If we continue, there will be no doubt in my mind and in the mind of the world that we have no honorable intentions in Vietnam. It will become clear that our minimal expectation is to occupy it as an American colony and men will not refrain from thinking that our maximum hope is to goad China into a war so that we may bomb her nuclear installations. If we do not stop our war against the people of Vietnam immediately the world will be left with no other alternative than to see this as some horribly clumsy and deadly game we have decided to play.
The world now demands a maturity of America that we may not be able to achieve. It demands that we admit that we have been wrong from the beginning of our adventure in Vietnam, that we have been detrimental to the life of the Vietnamese people. The situation is one in which we must be ready to turn sharply from our present ways.
In order to atone for our sins and errors in Vietnam, we should take the initiative in bringing a halt to this tragic war. I would like to suggest five concrete things that our government should do immediately to begin the long and difficult process of extricating ourselves from this nightmarish conflict:
End all bombing in North and South Vietnam.

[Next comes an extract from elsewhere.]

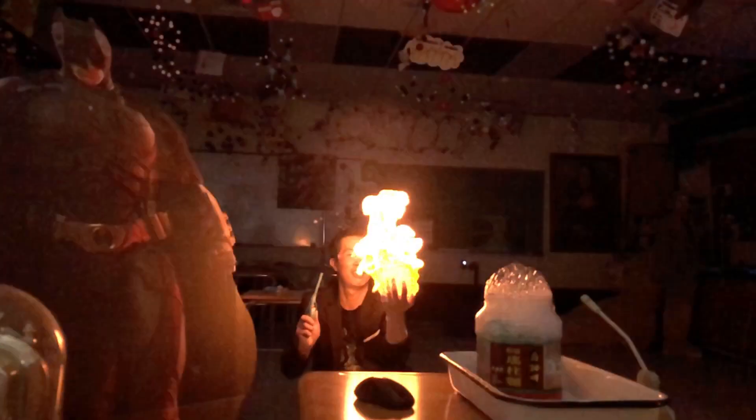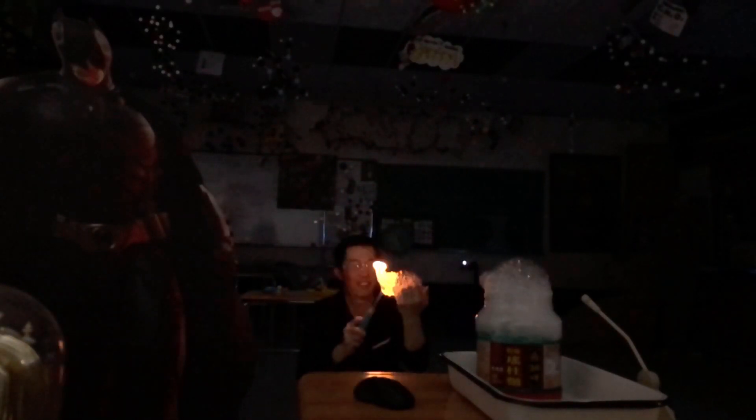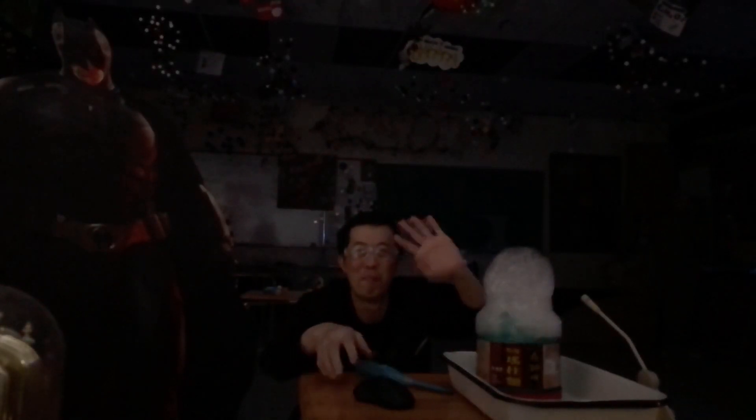All right everyone, that is methane mamba, and we're just keeping it alive here. Enjoy your day, everyone. Bye bye.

Declare a unilateral cease-fire in the hope that such action will create the atmosphere for negotiation.
Take immediate steps to prevent other battlegrounds in Southeast Asia by curtailing our military buildup in Thailand and our interference in Laos.

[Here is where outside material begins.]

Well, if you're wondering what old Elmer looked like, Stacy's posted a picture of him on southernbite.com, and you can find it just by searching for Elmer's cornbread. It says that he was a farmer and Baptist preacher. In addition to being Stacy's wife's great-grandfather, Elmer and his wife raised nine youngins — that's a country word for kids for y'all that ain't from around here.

Realistically accept the fact that the National Liberation Front has substantial support in South Vietnam and must thereby play a role in any meaningful negotiations and in any future Vietnam government.
Set a date that we will remove all foreign troops from Vietnam in accordance with the 1954 Geneva agreement.
Part of our ongoing commitment might well express itself in an offer to grant asylum to any Vietnamese who fears for his life under a new regime which included the Liberation Front. Then we must make what reparations we can for the damage we have done. We most provide the medical aid that is badly needed, making it available in this country if necessary.
Protesting The War
Meanwhile we in the churches and synagogues have a continuing task while we urge our government to disengage itself from a disgraceful commitment. We must continue to raise our voices if our nation persists in its perverse ways in Vietnam. We must be prepared to match actions with words by seeking out every creative means of protest possible.
As we counsel young men concerning military service we must clarify for them our nation’s role in Vietnam and challenge them with the alternative of conscientious objection. I am pleased to say that this is the path now being chosen by more than seventy students at my own alma mater, Morehouse College, and I recommend it to all who find the American course in Vietnam a dishonorable and unjust one. Moreover I would encourage all ministers of draft age to give up their ministerial exemptions and seek status as conscientious objectors. These are the times for real choices and not false ones. We are at the moment when our lives must be placed on the line if our nation is to survive its own folly. Every man of humane convictions must decide on the protest that best suits his convictions, but we must all protest.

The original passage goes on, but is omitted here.